Egyptian and Syrian forces crossed ceasefire lines to enter the Sinai Peninsula and the Golan Heights respectively. Both the United States and the Soviet Union initiated massive resupply efforts to their respective allies during the war, and this led to a near-confrontation between the two nuclear superpowers.

The war began with a massive and successful Egyptian crossing of the Suez Canal. Egyptian forces crossed the cease-fire lines, then advanced virtually unopposed into the Sinai Peninsula. 

After three days, Israel had mobilized most of its forces and halted the Egyptian offensive, resulting in a military stalemate. The Syrians coordinated their attack on the Golan Heights to coincide with the Egyptian offensive and initially made threatening gains into Israeli-held territory. Within three days, however, Israeli forces had pushed the Syrians back to the pre-war ceasefire lines. 

The Israel Defense Forces (IDF) then launched a four-day counter-offensive deep into Syria. Within a week, Israeli artillery began to shell the outskirts of Damascus, and Egyptian President Sadat began to worry about the integrity of his major ally. He believed that capturing two strategic passes located deeper in the Sinai would make his position stronger during post-war negotiations; he therefore ordered the Egyptians to go back on the offensive, but their attack was quickly repulsed. 
The Israelis then counter-attacked at the seam between the two Egyptian armies, crossed the Suez Canal into Egypt, and began slowly advancing southward and westward towards the city of Suez in over a week of heavy fighting that resulted in heavy casualties on both sides.
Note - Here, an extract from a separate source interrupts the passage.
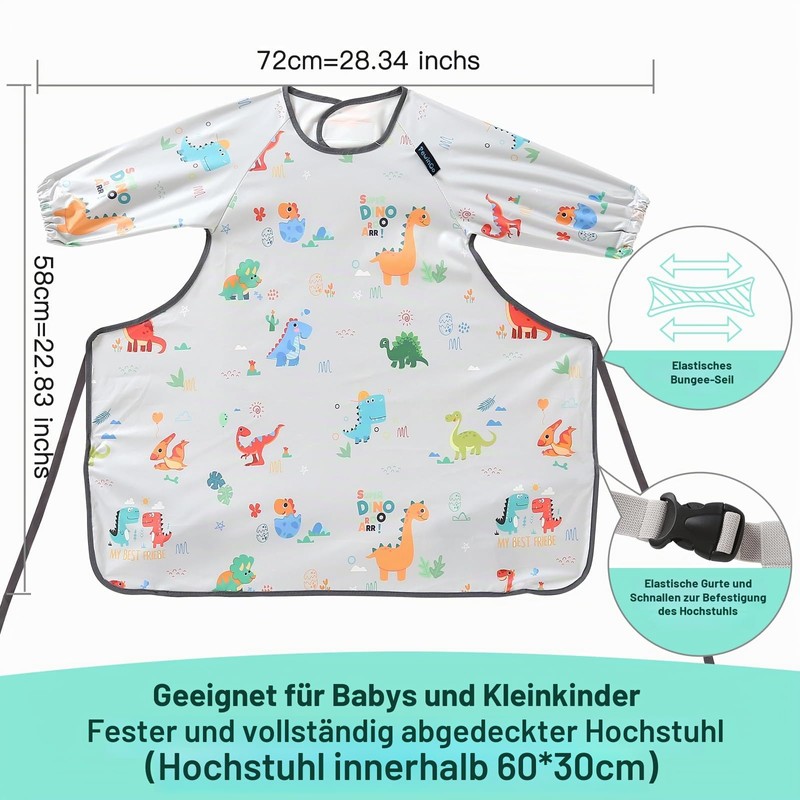 PewinGo Baby Bib with Sleeves, High Chairs Can Be Fully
On October 22, a United Nations–brokered ceasefire unraveled, with each side blaming the other for the breach. By October 24, the Israelis had improved their positions considerably and completed their encirclement of Egypt's Third Army and the city of Suez. This development led to tensions between the United States and the Soviet Union, and a second ceasefire was imposed cooperatively on October 25 to end the war.

Here endeth the history lesson. 

Like Mrs Thatcher (who very likely gained iron in her britches watching from the sidelines, and who also successfully faced  surprise attack, although as far from home as one can imagine, and also had a stunning victory) Golda Meir was politically punished.
The Meir government was heavily criticized for failing to predict the imminent war and for being ill-prepared. Even though Israel won with American assistance and against overwhelming odds, Meir had lost the trust of the people.  The casualties for the Israelis were high.  Her party won the December 1973 elections, but she decided not to continue as the Prime Minister.
She remained in power as head of a caretaker government until a new one was formed in June. Although in retirement thereafter, she remained an important political figure.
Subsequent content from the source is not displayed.